- Your objective -
Quote the entries below from the line with "Maui, a female" through the line with "Dallas Stars Fight GIF by RYSE", both ends included, and only those lines.

======== The data

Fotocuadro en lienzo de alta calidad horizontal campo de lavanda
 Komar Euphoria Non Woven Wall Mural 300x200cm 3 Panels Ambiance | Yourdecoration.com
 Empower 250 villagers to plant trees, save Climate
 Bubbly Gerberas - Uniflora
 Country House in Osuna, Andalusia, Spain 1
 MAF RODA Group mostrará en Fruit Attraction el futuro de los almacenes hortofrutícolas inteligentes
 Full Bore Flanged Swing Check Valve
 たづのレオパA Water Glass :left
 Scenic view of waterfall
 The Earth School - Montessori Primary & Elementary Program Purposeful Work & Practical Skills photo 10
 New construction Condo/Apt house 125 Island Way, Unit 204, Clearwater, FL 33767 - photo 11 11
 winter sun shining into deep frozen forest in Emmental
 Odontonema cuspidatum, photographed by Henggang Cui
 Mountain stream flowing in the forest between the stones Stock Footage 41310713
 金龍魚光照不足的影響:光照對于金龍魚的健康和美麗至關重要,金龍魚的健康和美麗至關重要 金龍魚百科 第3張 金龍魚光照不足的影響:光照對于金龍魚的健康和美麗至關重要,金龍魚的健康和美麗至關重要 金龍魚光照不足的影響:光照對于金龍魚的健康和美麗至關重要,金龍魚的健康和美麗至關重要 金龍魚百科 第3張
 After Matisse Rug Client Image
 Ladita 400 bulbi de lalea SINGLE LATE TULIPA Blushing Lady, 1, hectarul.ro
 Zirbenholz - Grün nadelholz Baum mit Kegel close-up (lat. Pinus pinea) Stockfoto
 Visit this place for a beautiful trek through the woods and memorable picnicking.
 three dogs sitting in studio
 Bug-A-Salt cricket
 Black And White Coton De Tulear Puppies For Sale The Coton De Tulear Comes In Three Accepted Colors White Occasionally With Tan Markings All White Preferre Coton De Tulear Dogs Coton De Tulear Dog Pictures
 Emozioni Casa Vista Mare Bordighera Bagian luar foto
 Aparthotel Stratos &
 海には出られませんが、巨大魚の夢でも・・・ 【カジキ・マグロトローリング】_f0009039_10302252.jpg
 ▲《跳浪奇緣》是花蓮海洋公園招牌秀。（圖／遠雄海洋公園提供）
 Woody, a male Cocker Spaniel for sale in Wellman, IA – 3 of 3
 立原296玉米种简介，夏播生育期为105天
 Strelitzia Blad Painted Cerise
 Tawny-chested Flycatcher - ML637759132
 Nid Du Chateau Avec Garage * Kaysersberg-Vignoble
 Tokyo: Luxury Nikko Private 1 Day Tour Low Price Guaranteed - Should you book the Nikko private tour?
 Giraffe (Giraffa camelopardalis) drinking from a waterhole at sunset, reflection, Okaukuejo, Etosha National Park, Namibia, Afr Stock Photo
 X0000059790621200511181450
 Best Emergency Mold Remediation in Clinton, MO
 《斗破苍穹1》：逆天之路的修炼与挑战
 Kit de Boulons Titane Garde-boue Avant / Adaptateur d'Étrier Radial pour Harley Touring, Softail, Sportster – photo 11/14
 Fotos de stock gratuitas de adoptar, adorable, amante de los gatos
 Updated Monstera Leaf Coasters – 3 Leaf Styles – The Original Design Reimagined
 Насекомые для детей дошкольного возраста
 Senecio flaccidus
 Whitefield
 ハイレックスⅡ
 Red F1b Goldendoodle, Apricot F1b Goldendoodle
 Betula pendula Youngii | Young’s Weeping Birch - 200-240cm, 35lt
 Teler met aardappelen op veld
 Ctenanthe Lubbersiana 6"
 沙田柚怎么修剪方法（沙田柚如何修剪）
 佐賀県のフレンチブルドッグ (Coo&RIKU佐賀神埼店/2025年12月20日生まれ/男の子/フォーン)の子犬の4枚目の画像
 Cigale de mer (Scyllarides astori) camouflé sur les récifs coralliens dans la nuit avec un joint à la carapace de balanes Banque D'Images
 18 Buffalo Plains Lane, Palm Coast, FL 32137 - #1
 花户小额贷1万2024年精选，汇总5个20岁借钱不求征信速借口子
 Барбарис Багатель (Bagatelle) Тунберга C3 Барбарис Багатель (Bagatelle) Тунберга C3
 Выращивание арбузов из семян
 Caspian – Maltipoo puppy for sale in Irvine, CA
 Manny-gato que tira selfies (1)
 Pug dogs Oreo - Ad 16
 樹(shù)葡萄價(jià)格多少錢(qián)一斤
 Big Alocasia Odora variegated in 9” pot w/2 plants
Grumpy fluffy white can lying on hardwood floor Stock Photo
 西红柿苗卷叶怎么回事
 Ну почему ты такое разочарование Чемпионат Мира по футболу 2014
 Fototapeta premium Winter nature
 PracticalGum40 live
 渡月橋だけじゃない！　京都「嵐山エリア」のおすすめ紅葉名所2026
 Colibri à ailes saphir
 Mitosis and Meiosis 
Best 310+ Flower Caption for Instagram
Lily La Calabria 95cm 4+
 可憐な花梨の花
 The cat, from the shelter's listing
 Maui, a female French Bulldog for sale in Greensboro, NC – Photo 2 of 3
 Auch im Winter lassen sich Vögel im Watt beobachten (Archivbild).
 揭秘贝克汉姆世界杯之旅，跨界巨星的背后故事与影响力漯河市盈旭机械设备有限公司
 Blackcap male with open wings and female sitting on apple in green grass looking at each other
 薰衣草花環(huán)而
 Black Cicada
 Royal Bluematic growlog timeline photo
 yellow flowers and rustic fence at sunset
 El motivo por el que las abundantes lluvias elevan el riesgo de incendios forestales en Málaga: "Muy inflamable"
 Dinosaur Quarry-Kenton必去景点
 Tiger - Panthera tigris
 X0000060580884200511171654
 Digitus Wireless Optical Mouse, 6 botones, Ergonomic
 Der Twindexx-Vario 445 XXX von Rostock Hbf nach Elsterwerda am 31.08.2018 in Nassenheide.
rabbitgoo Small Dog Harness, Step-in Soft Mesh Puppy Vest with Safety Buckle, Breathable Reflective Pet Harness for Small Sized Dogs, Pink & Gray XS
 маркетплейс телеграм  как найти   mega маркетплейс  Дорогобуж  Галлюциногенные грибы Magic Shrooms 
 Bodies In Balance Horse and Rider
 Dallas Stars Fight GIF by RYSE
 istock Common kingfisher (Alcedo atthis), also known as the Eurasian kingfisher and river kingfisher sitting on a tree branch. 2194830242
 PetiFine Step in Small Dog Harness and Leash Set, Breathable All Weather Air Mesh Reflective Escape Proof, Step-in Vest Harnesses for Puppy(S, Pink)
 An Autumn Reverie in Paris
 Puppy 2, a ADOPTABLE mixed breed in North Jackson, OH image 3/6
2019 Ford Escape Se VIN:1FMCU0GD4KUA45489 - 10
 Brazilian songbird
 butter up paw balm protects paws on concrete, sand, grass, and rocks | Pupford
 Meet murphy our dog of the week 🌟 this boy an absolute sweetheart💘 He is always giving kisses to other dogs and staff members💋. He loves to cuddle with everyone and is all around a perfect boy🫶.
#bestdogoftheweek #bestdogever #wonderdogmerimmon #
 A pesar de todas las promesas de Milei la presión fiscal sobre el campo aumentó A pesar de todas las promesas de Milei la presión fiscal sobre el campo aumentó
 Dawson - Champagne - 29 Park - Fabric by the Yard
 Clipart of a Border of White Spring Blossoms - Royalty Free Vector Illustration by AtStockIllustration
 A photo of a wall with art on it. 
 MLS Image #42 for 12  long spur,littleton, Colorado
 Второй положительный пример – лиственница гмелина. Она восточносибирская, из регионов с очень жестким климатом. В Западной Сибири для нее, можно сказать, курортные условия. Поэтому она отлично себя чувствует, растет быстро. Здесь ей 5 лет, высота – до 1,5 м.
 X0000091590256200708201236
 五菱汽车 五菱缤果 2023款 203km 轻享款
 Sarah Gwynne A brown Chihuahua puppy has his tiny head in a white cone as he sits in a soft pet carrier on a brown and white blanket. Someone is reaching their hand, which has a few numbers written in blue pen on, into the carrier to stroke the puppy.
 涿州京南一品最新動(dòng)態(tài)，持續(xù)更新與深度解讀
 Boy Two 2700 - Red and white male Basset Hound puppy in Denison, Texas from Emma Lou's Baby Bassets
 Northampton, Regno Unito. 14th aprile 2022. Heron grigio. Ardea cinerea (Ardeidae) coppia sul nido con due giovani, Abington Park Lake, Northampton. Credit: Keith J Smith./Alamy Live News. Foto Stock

================

- Output -
 Maui, a female French Bulldog for sale in Greensboro, NC – Photo 2 of 3
 Auch im Winter lassen sich Vögel im Watt beobachten (Archivbild).
 揭秘贝克汉姆世界杯之旅，跨界巨星的背后故事与影响力漯河市盈旭机械设备有限公司
 Blackcap male with open wings and female sitting on apple in green grass looking at each other
 薰衣草花環(huán)而
 Black Cicada
 Royal Bluematic growlog timeline photo
 yellow flowers and rustic fence at sunset
 El motivo por el que las abundantes lluvias elevan el riesgo de incendios forestales en Málaga: "Muy inflamable"
 Dinosaur Quarry-Kenton必去景点
 Tiger - Panthera tigris
 X0000060580884200511171654
 Digitus Wireless Optical Mouse, 6 botones, Ergonomic
 Der Twindexx-Vario 445 XXX von Rostock Hbf nach Elsterwerda am 31.08.2018 in Nassenheide.
rabbitgoo Small Dog Harness, Step-in Soft Mesh Puppy Vest with Safety Buckle, Breathable Reflective Pet Harness for Small Sized Dogs, Pink & Gray XS
 маркетплейс телеграм  как найти   mega маркетплейс  Дорогобуж  Галлюциногенные грибы Magic Shrooms 
 Bodies In Balance Horse and Rider
 Dallas Stars Fight GIF by RYSE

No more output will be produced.